Berbagai tuduhan bahkan vonis telah dijatuhkan kepada saya sebelum adanya
putusan dari Majelis Hakim, rasanya tidak ada ruang sedikitpun untuk
menyampaikan pembelaan, bahkan sepotong katapun tidak pantas untuk
didengar apa lagi dipertimbangkan dari seorang terdakwa seperti saya.
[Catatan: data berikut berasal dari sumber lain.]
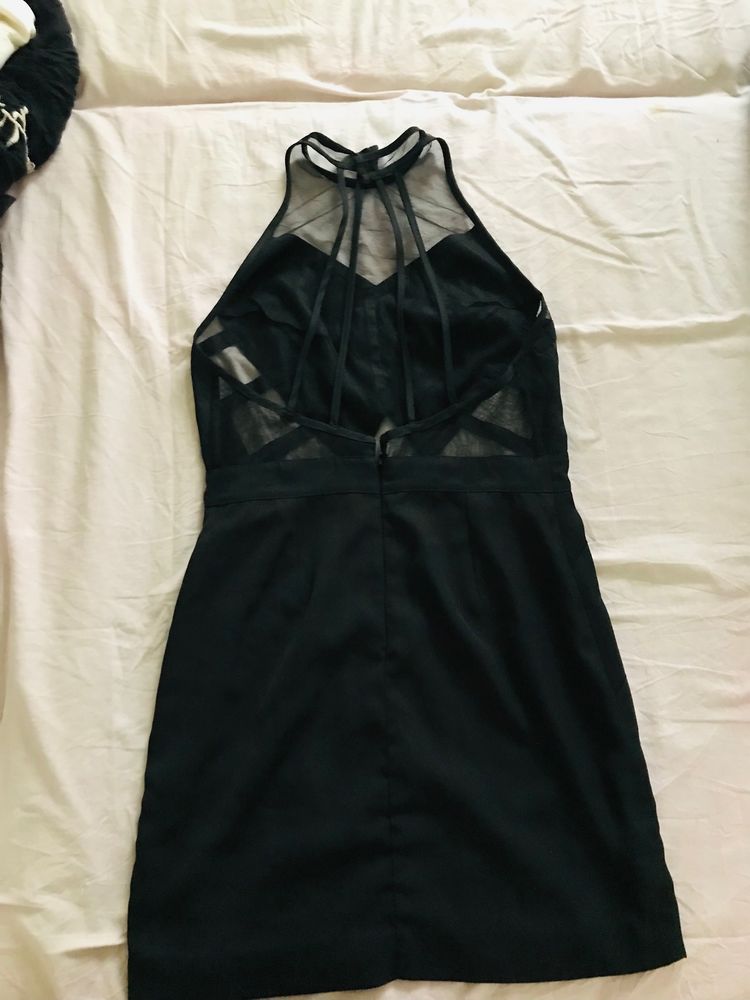 Designer Black Backless Bandage Party Dress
Selama 28 tahun saya bekerja sebagai aparat penegak hukum dan menangani
berbagai perkara kejahatan termasuk pembunuhan, belum pernah saya
menyaksikan tekanan yang begitu besar terhadap seorang terdakwa
sebagaimana yang saya alami hari ini.
1
Saya nyaris kehilangan hak sebagai seorang terdakwa untuk mendapatkan
pemeriksaan yang objektif, dianggap telah bersalah sejak awal pemeriksaan dan
haruslah dihukum berat tanpa perlu mempertimbangkan alasan apapun dari
saya sebagai terdakwa.
Media framing dan produksi hoax terhadap saya sebagai terdakwa dan keluarga
secara instens terus dilancarkan sepanjang pemeriksaan, berikut tekanan massa
baik di dalam maupun di luar persidangan yang kemudian telah mempengaruhi
persepsi publik, bahkan mungkin memengaruhi arah pemeriksaan perkara ini
mengikuti kemauan sebagian pihak, termasuk juga mereka yang mencari
popularitas dari perkara yang tengah saya hadapi.
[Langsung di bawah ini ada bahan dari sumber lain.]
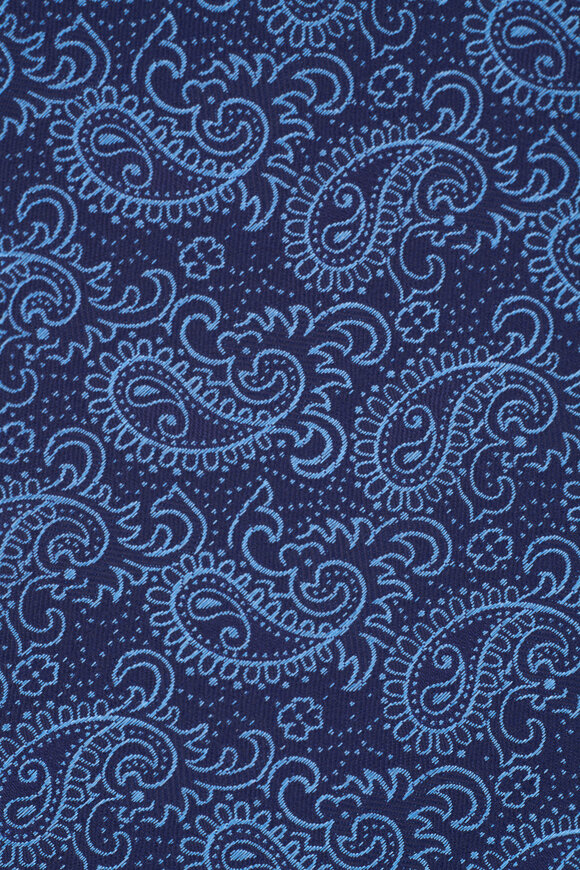 Eton - Dark Blue Paisley Print Silk Necktie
Saya tidak memahami bagaimana hal tersebut terjadi, sementara prinsip negara
hukum yang memberikan hak atas jaminan, perlindungan dan kepastian hukum
yang adil serta perlakuan yang sama bagi semua warga negara di mata hukum
masih diletakkan dalam konstitusi negara kita.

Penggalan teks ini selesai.